The task. In this exercise, retype exactly the lines from the start of the entries through the line bearing "Imagem ilustrando a", leaving every picture out.

:: Given data

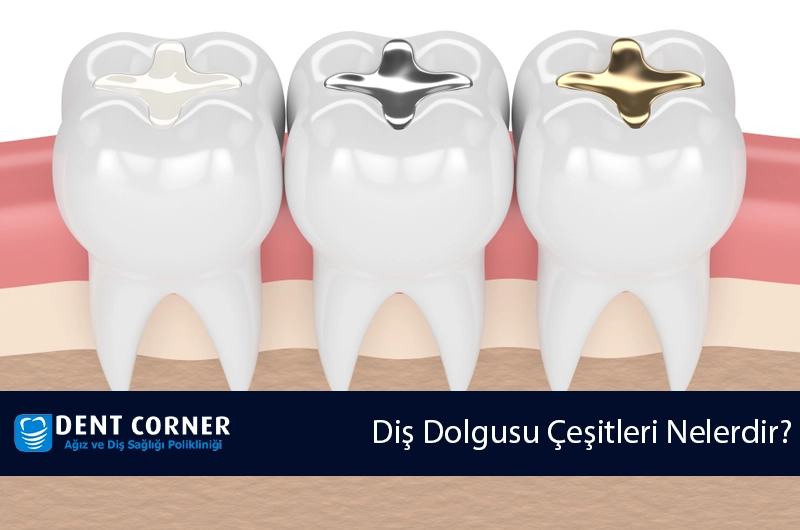 Diş Dolgusu Çeşitleri Nelerdir?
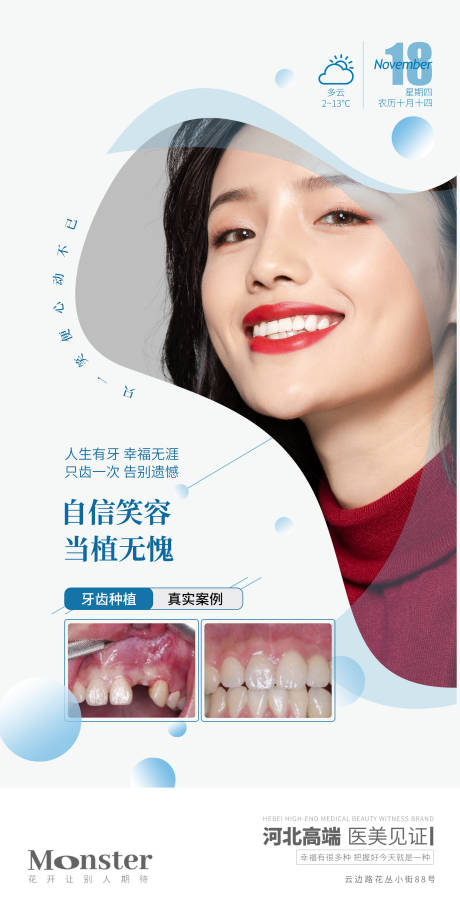 医美牙齿种植海报-源文件【享设计】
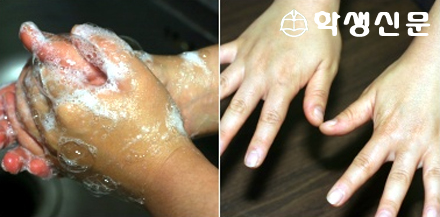 ºñ´© ¼Õ¾Ä±â¸¸ ÀßÇØµµ ¼¼±Õ Á¦°Å ÃæºÐ!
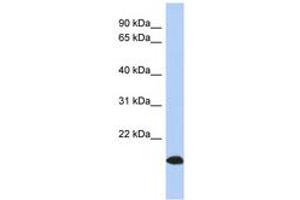 Image no. 1 for anti-ADP-Ribosylation Factor-Like 17A (ARL17A) (AA 107-156) antibody (ABIN6744026) (ARL17A Antikörper  (AA 107-156))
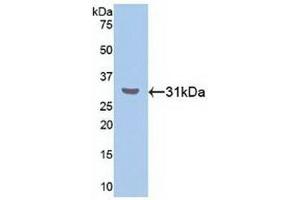 Detection of Recombinant RORa, Human using Polyclonal Antibody to RAR Related Orphan Receptor Alpha (RORa) (RORA 抗体  (AA 164-401))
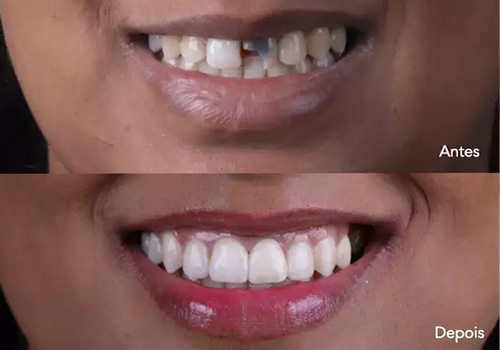Imagem ilustrando a diferença entre o antes e depois do implante dentario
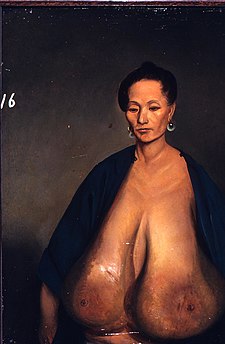 Super Huge Gigantomastia Boobs - Breast hypertrophy - Wikipedia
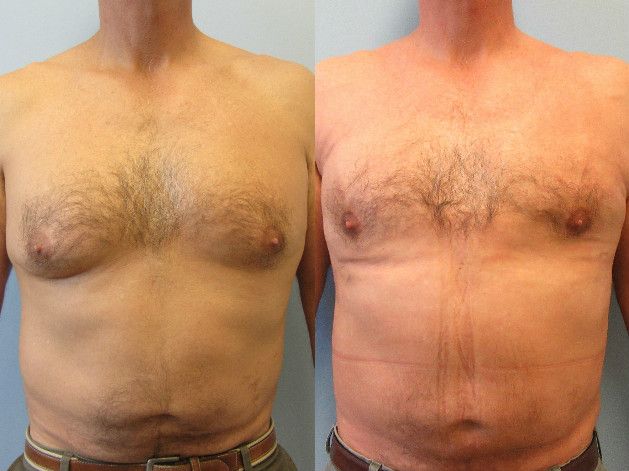 Gynecomastia Before & After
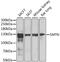 Smoothelin antibody, A04895-1, Boster Biological Technology, Western Blot image 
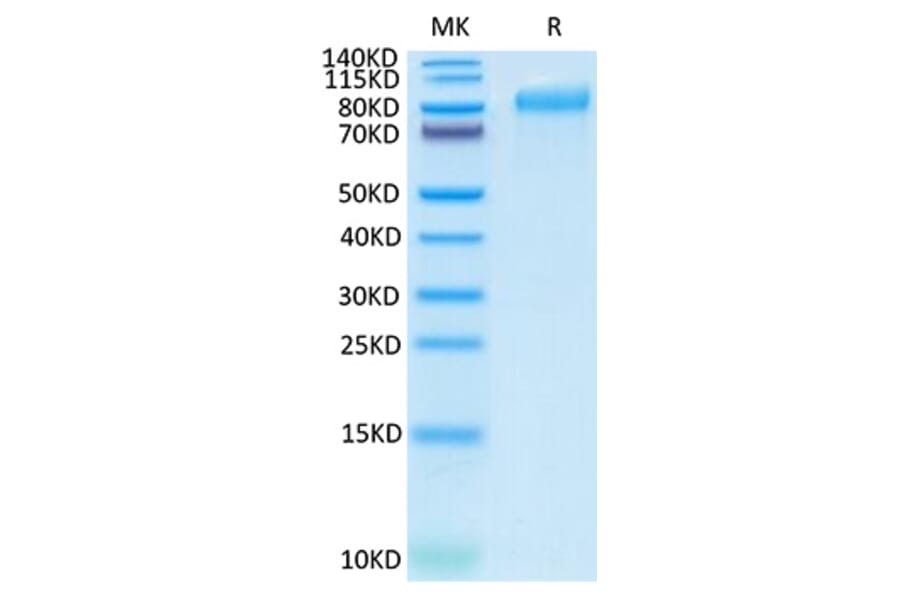 SDS-PAGE - Recombinant Human ITGB6 Protein (C-terminal His Tag) (A330953) - Antibodies.com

::::

Problem solution.
 Diş Dolgusu Çeşitleri Nelerdir?
 医美牙齿种植海报-源文件【享设计】
 ºñ´© ¼Õ¾Ä±â¸¸ ÀßÇØµµ ¼¼±Õ Á¦°Å ÃæºÐ!
 Image no. 1 for anti-ADP-Ribosylation Factor-Like 17A (ARL17A) (AA 107-156) antibody (ABIN6744026) (ARL17A Antikörper  (AA 107-156))
 Detection of Recombinant RORa, Human using Polyclonal Antibody to RAR Related Orphan Receptor Alpha (RORa) (RORA 抗体  (AA 164-401))
Imagem ilustrando a diferença entre o antes e depois do implante dentario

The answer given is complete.